The master plan for that section of downtown has identified some redevelopment opportunities, said Shelley Dickstein, Dayton’s city manager.

That includes a vacant, city-owned building at 101 Bainbridge St. and the U.S. Postal mail processing and distribution center at 1111 E. Fifth St., she said.

City Properties Group is interested in the Bainbridge building.

The postal service announced years ago that operations at Dayton’s postal facility would relocate to Columbus.

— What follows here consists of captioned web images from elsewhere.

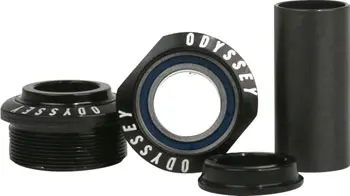 Odyssey 19Mm Euro Bottom Bracket 1
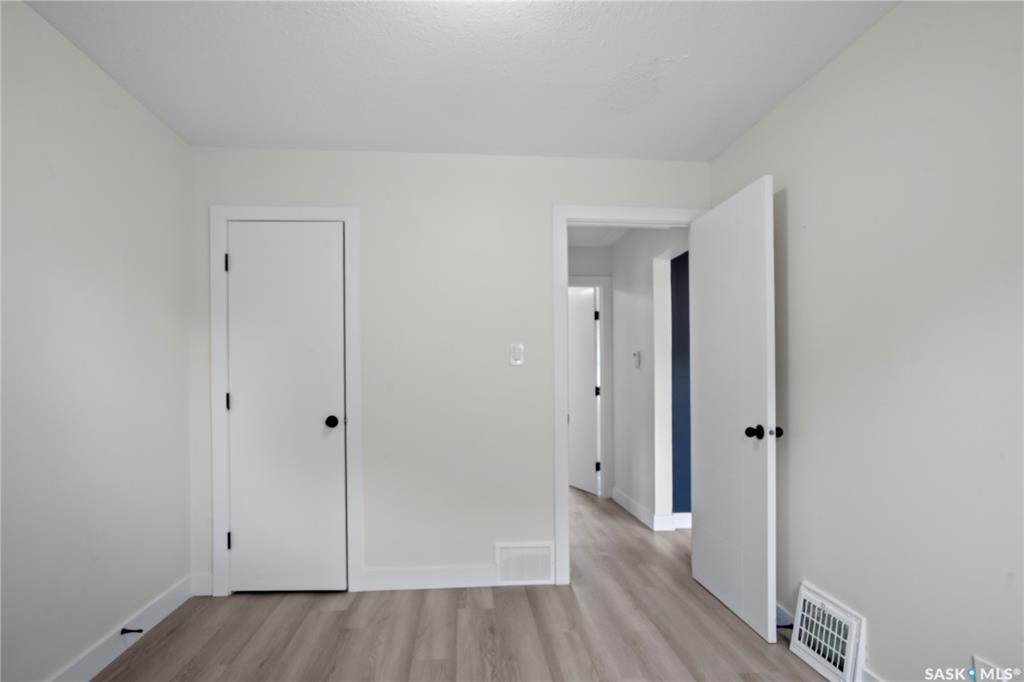 Fourth View of 2315 Francis Street, Broders Annex, Regina, Saskatchewan, S4N 2P8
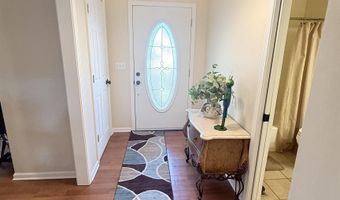 504 Haynes Rd NW, Arab, AL 35016
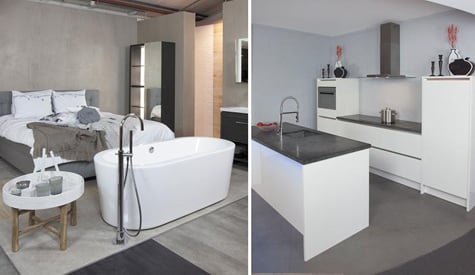 keukens-badkamers.jpg - Unilux keukens-badkamers.jpg - Unilux
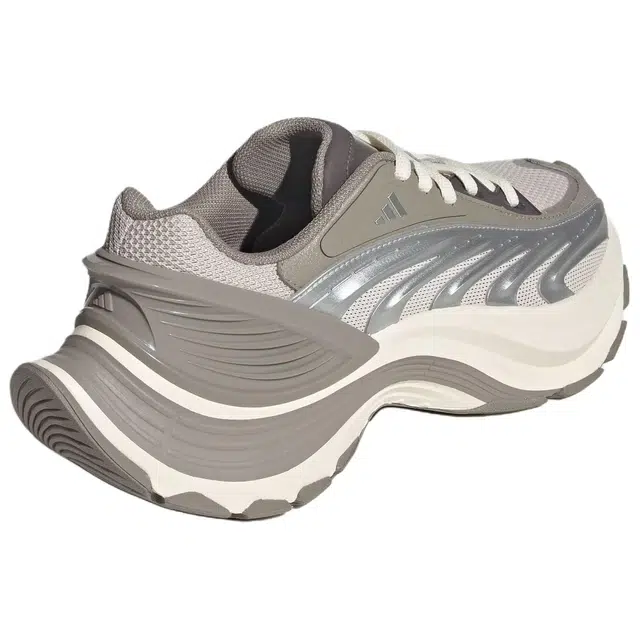 adidas XLG MTW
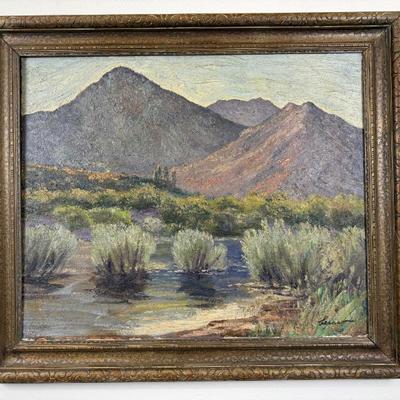 Sale Photo Thumbnail #224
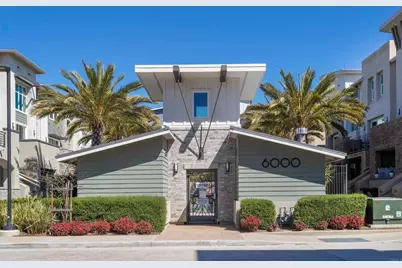 6042 Colt Place #303, Carlsbad, CA 92009 - Photo 42
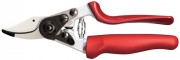FELCO 12 - Професионална лозарска ножица със сменяеми стоманени остриета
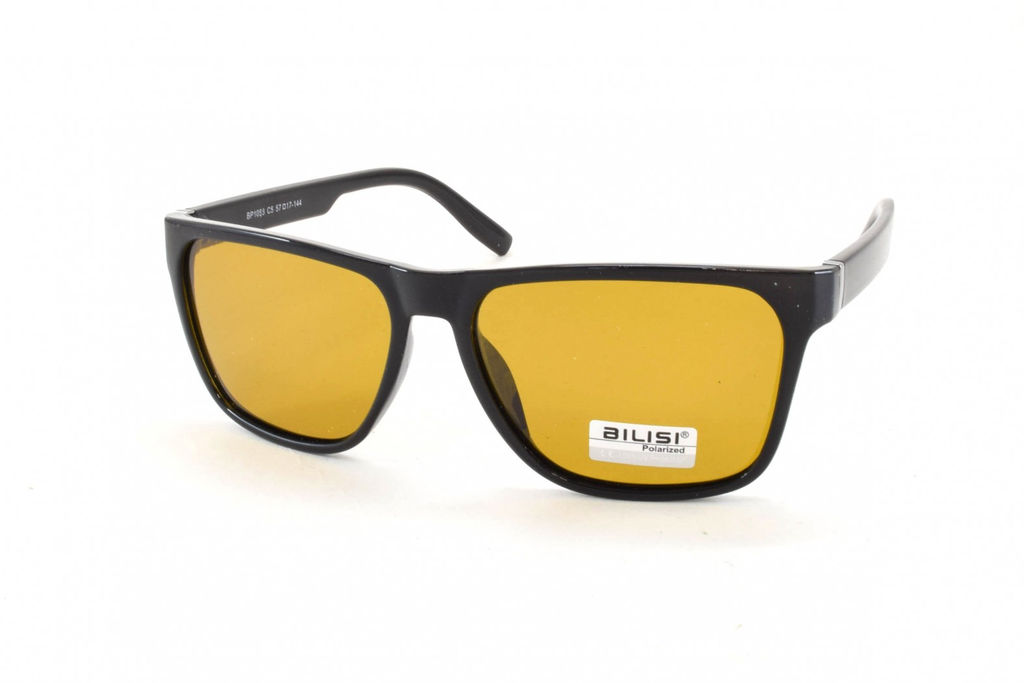 BILISI POLARIZED 1053 C5 57-17-144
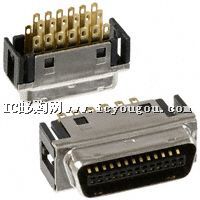 DX40M-26PDƬ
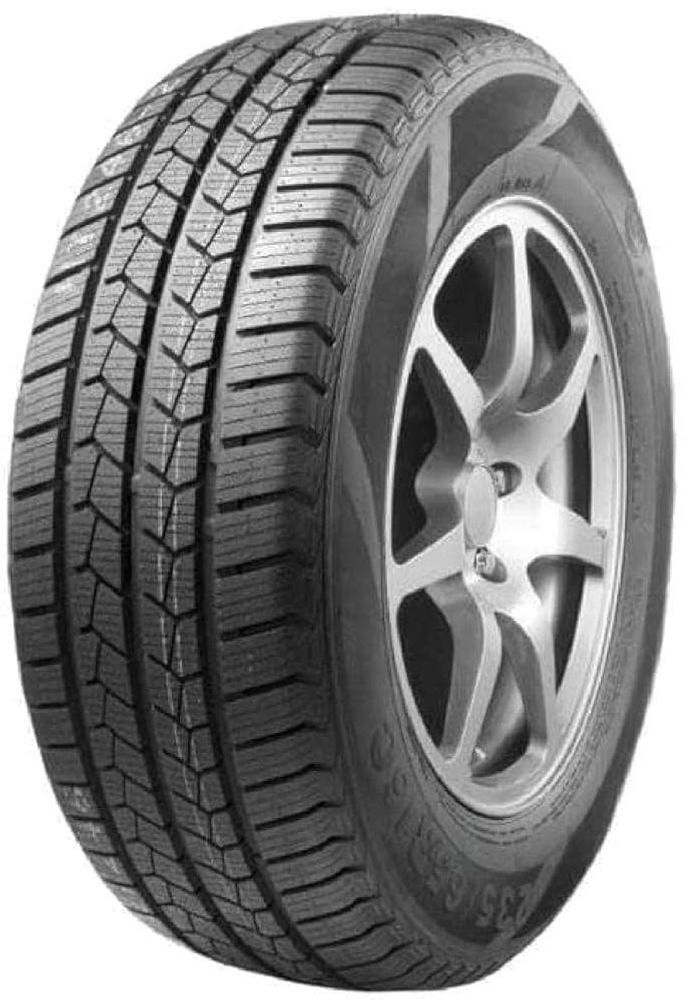 Leao Winter Defender Van 185 R14C 102Q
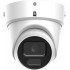 Kamera IP Hikvision DS-2CD2H66G2H-IZSY(2.8-12mm)(eF)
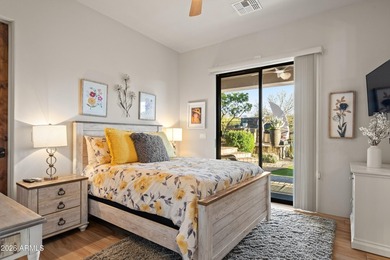 Experience relaxed desert living wrapped in timeless elegance - photo 22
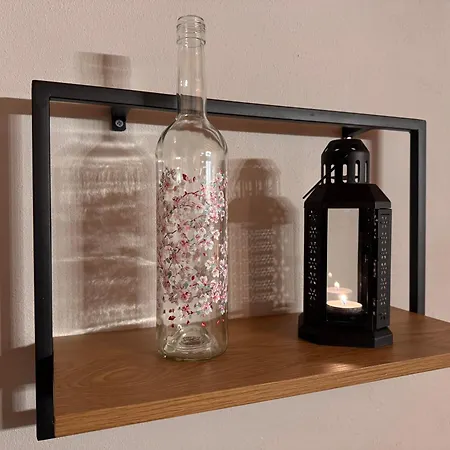 Eifelchalet Niederehe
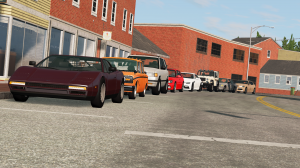 screenshot_2020-02-23_15-43-25.png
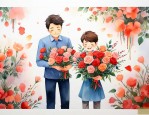 男教师节送老师什么礼物合适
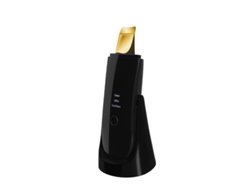 CHRONUS Masajeador Facial MRY-221031-52hmy Negro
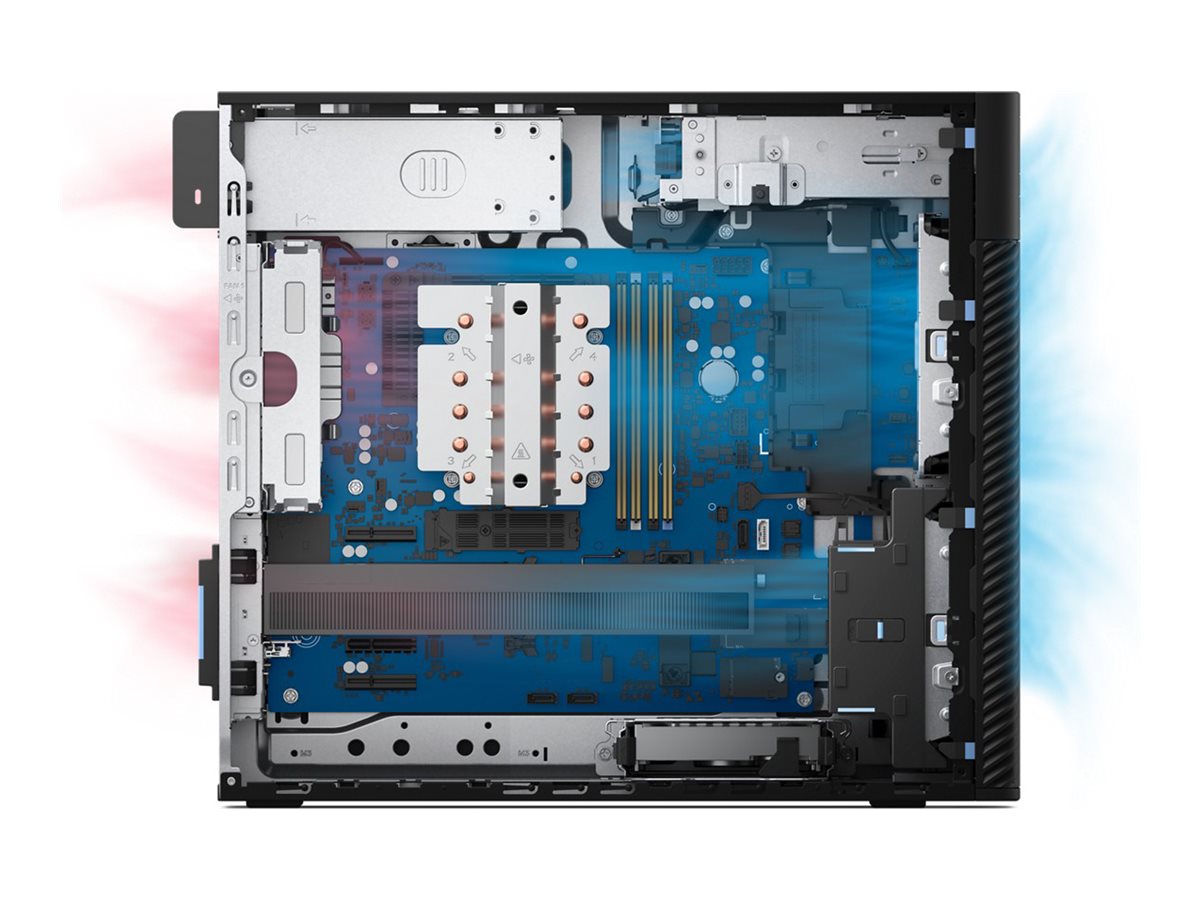 adb279bd91e8ae118255b41384c954de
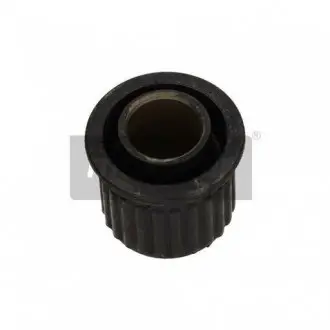 400274 Подвеска MAXGEAR подбор по vin на Brocar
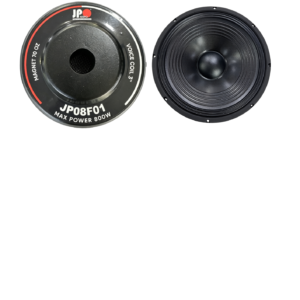 JP08F01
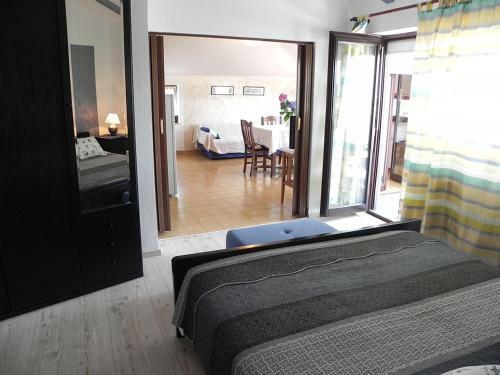 Apartamento Rivamare - Rovinj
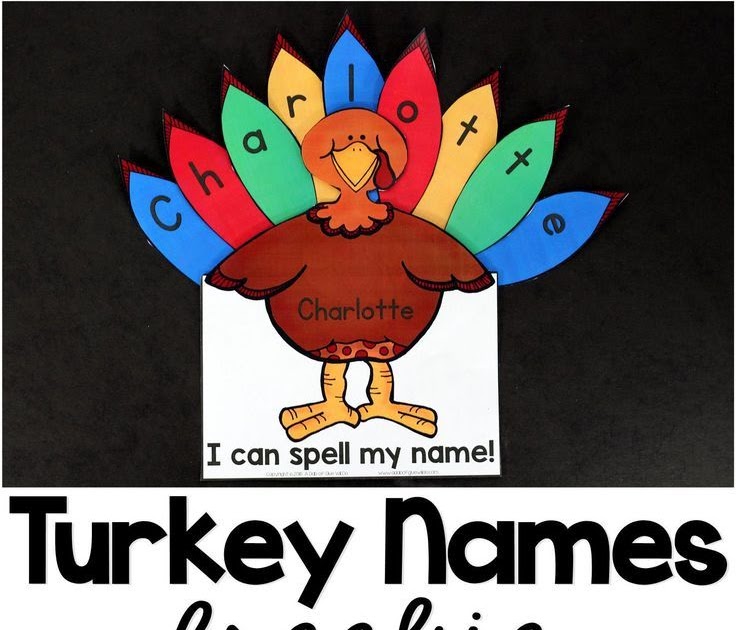 turkey domain names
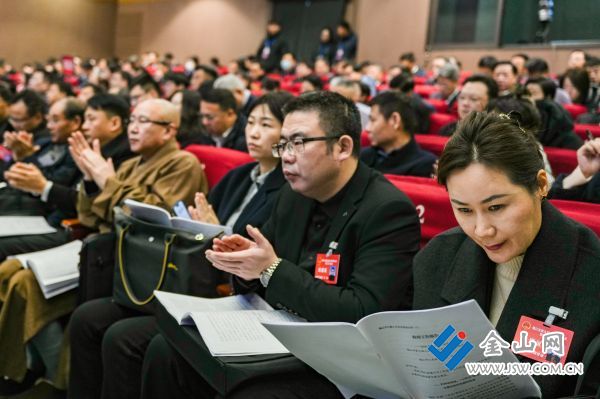 微信圖片_20260123143818_89_43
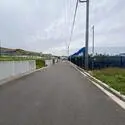 稲城市矢野口 その他画像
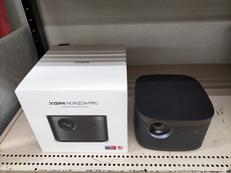 プロジェクター|XGIMI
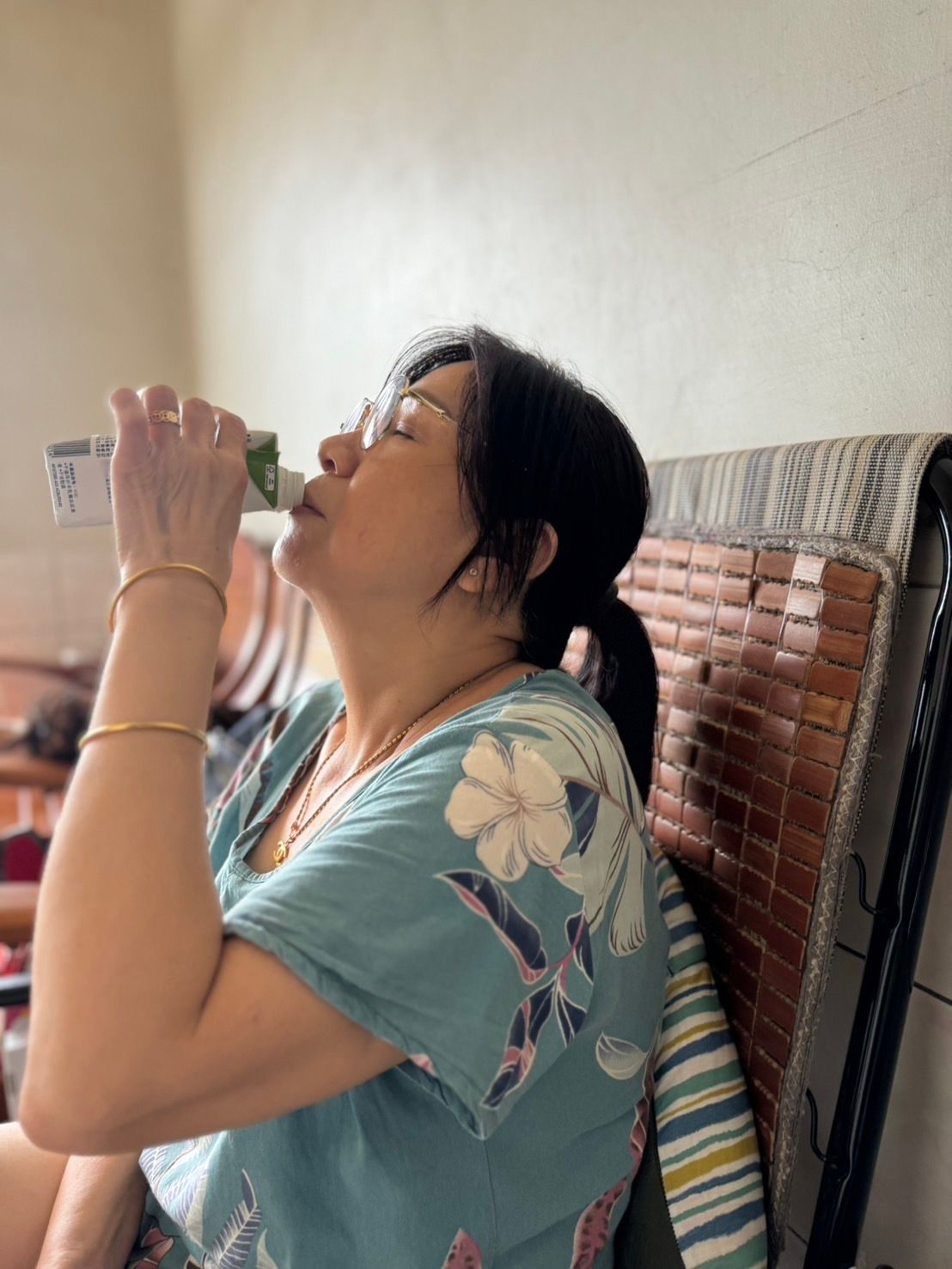 范**的產品圖片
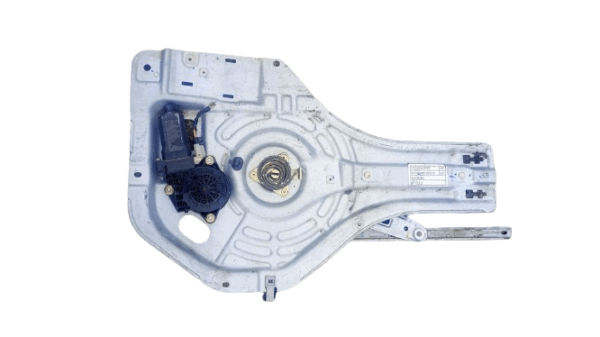 Macara electrica dreapta spate Hyundai Tucson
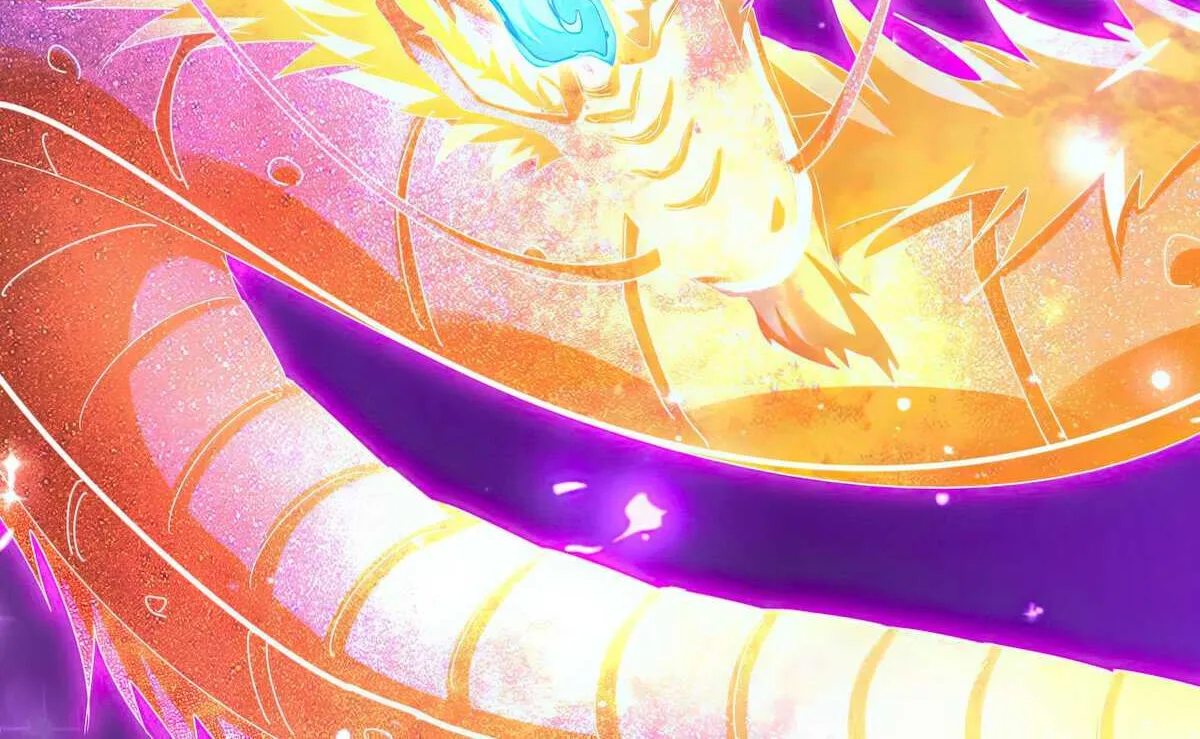 Magic Emperor Chapter 630 page 8 - 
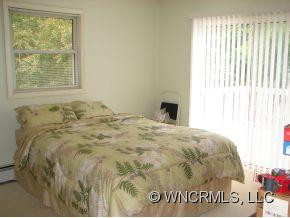 25 Fieldcrest Circle - Photo 7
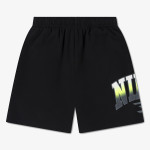 Nike RWB TERRY COLLEGIATE SHORT 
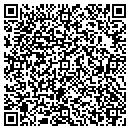 QR code with Revll Development Co contacts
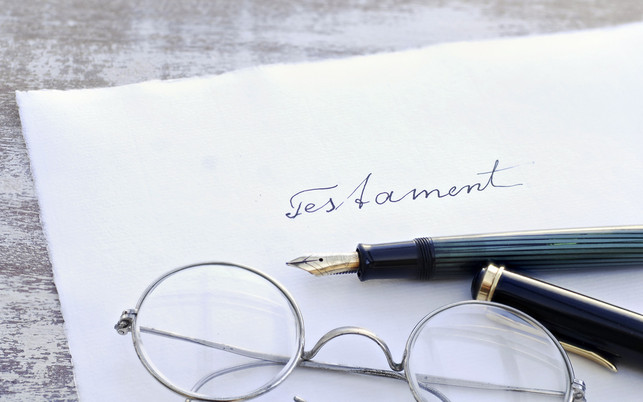 sterben-testament-w-reinhard-sester-170510-1280x800 Wichtige Dokumente: Testament, Patientenverfügung, Bestattungsverfügung, Organspendeausweise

However, the move has yet to be finished after multiple postponements.

“We are not pushing for that to happen … but we are positioning ourselves to work with USPS to make sure we have a strategic reuse for that site,” Dickstein said.

Oregon East will embody the live, work and play mantra at the heart of so much of the successful urban renewal efforts across the nation, officials said.

Oregon East would better connect the Oregon’s historic business and residential district with the Webster Station district, which features the Cannery Lofts, the 2nd Street Market, Water Street and Dayton Dragons stadium.

City Properties has personal ties to Dayton

City Properties Group only takes on projects that have multiple phases, and it will keep and manage the apartments and commercial space that are constructed, developers said.

Financing on 210 Wayne should be secured in the next month or so and construction should begin in the spring, developers said.

The city in the last several years has spent about $650,000 acquiring property to link the Oregon and Webster Station districts, Dickstein said.

The $30 million redevelopment means that $46 private dollars were leveraged for every $1 in public dollars invested, Dickstein said.

City Properties is an out-of-town developer that is experienced at adaptive reuse projects but has local ties, said Dayton Mayor Nan Whaley.

“We look forward to you doing 10 years worth of work in Dayton,” Whaley told Alberts on Wednesday.

One of the firm’s partners, Bill Weyland, was college roommates with Pete Haley, who is co-owner of Gosiger, which is a machine tool supplier headquartered at 108 McDonough St.

Weyland was the architect for the company’s headquarters and helped redesign its campus.

The Oregon East master plan seeks to build on the investments by Gosiger and Shumsky, which is a company headquartered at 811 E. Fourth St. that specializes in promotional and marketing services.